Find MCP config duplication

rg "MCP.*configuration" docs/ -l | wc -l rg "pip install tooluniverse" docs/ -l | wc -l


**Action**: Consolidate or clearly differentiate

rg "MCP.*configuration" docs/ -l | wc -l rg "pip install tooluniverse" docs/ -l | wc -l


**处理措施**：合并内容或明确区分差异

B3. Tool Count Consistency

B3. 工具数量一致性检查

Standard: Use "1000+ tools" consistently.

Detection:

bash

undefined

标准：统一使用「1000+ tools」表述。

检测方法:

bash

undefined

Find all tool count mentions

rg "[0-9]++?\s+(tools|resources|integrations)" docs/ --no-filename | sort -u


**Check**:
- [ ] Are different numbers used (600, 750, 1195)?
- [ ] Is "1000+ tools" used consistently?
- [ ] Exact counts avoided in favor of "1000+"?

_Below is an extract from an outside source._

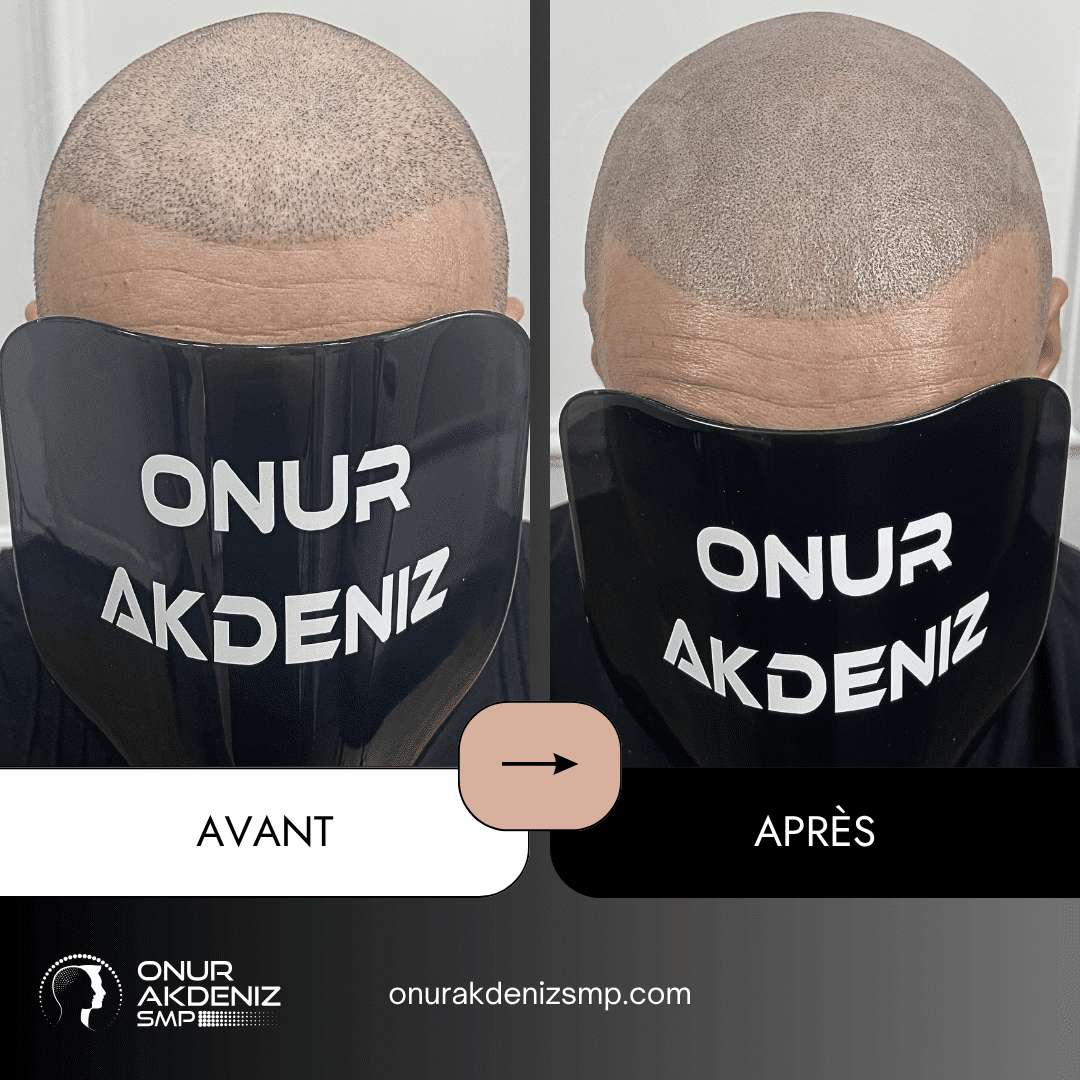 Avant et apres la micropigmentation du cuir chevelu pour un look rase – Onur Akdeniz Istanbul Turquie 125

rg "[0-9]++?\s+(tools|resources|integrations)" docs/ --no-filename | sort -u


**检查项**:
- [ ] 是否使用了不同数字（600、750、1195）？
- [ ] 是否统一使用「1000+ tools」？
- [ ] 是否避免使用精确数字，改用「1000+」？

B4. Auto-Generated File Headers

B4. 自动生成文件头检查

Auto-generated directories:

docs/tools/*_tools.rst

(from

generate_config_index.py

)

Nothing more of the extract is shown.